Metadata-Version: 2.4
Name: dsiter
Version: 0.1.2
Summary: A library for iterating over aggregated datasets from HuggingFace and local CSV files
License-File: LICENSE
Requires-Python: >=3.9
Requires-Dist: datasets>=4.0.0
Requires-Dist: pyyaml>=6.0
Description-Content-Type: text/markdown

# dsiter

ds-iter (ds is short for "dataset" and iter for "iteration") is an opinionated, declarative dataset preparation/iteration tool that helps you create an single iterator over many datasets, useful for ML/data engineering tasks.

# Problem

During the training of large-scale machine learning models (especially language models or NLP tasks), we're often working with many different datasets from various sources, with very different shapes and dimensions, sometimes reaching gigabytes of data.

Failure in implementing efficient memory usage within training or data preparation scripts often leads to operating system errors, such as _OOM killed_.
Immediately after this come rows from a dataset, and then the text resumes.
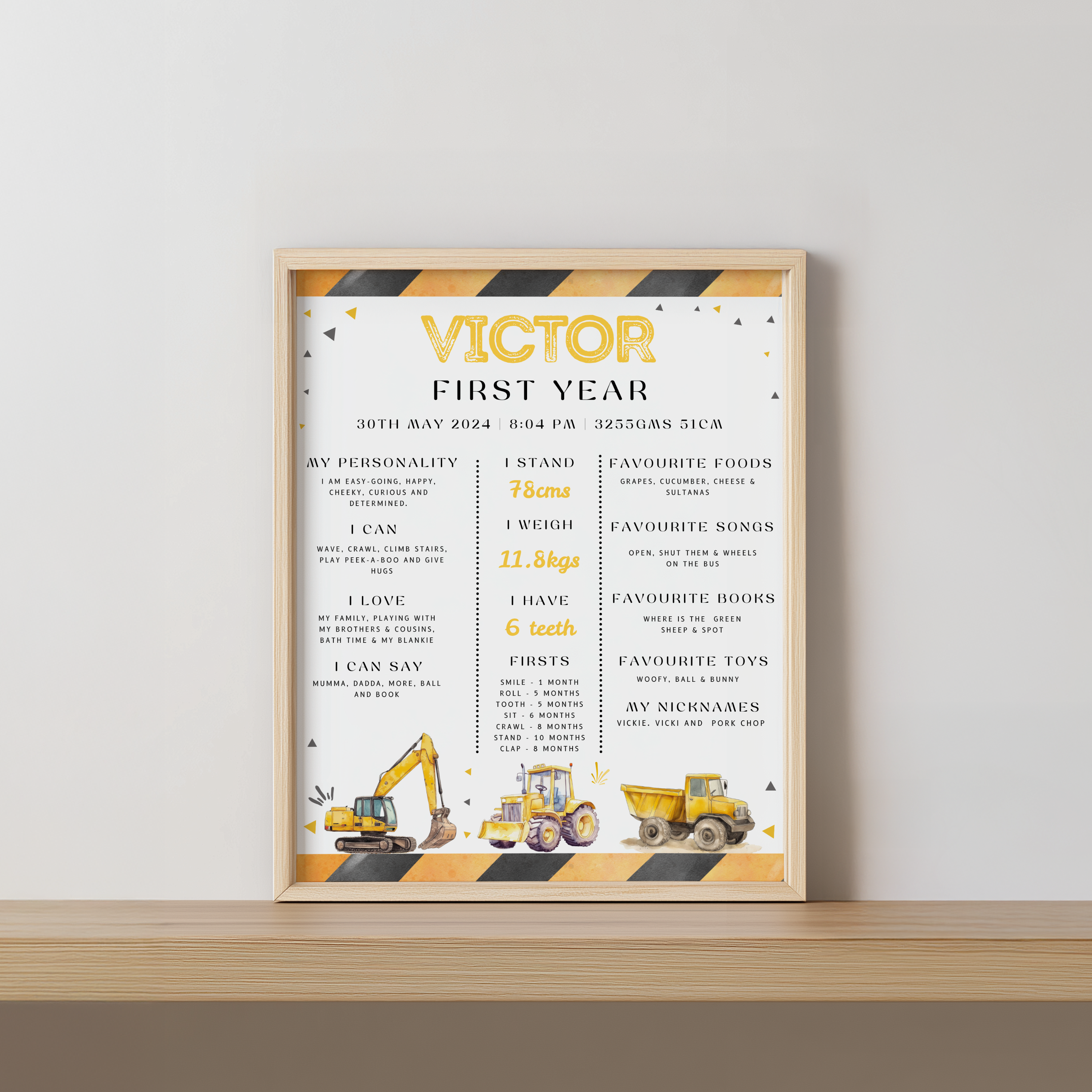 Construction First Birthday Milestone Sign, Yellow Tractor 1st Birthday Milestone Board, Milestone Poster Printable, Baby First Year 9164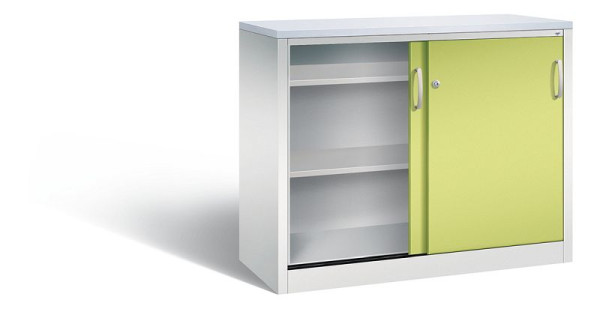 C+P dressoir met schuifdeuren Acurado, H1000xB1200xD500mm, kleur: lichtgrijs / virid green, beugelgreep, 2056-00 S10100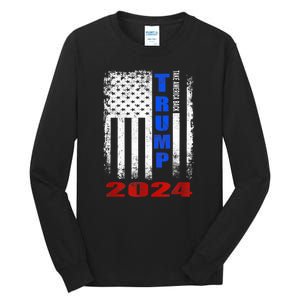 American Flag Design Trump 2024 Tall Long Sleeve T-Shirt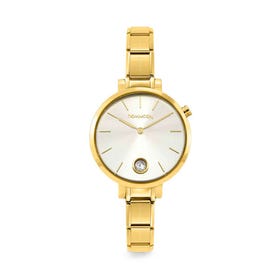 Classic Time Paris Gold Plated Silver Sunray & CZ Dial Watch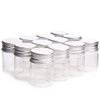 Teensery 12 Pcs Empty Clear Glass Bottles with Screw Aluminum Cap Mini Container Jars for Essential Oil Powders Cream Ointments Grease Cosmetic Makeup Sample(15ml)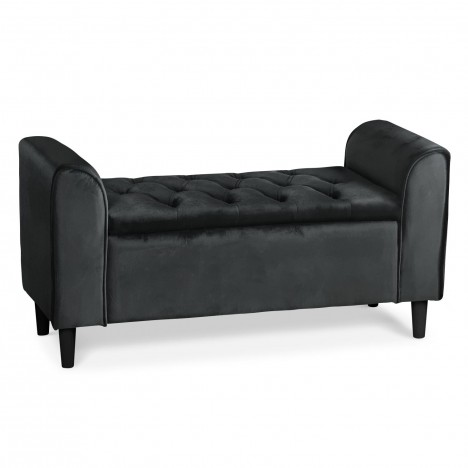 Banc coffre velours noir WINNY -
ML/data engineers tend to write custom scripts, often with bespoke pre-processing/post-processing mutations, and sometimes entirely different implementations of the data preparation step across projects. This can lead to reproducibility issues, as different team members using slightly different scripts produce inconsistent results. Additionally, debugging becomes difficult because OOM errors or preprocessing bugs are often non-deterministic and hard to trace.


## Usage

### step one: create yaml configuration file

create a yaml file (by default the library looks for `datasets.yaml`) and start adding your Hugginface 🤗 datasets using their `repoId` like below:

> **Example**: See `examples/datasets.yml` for a complete configuration file with various dataset types.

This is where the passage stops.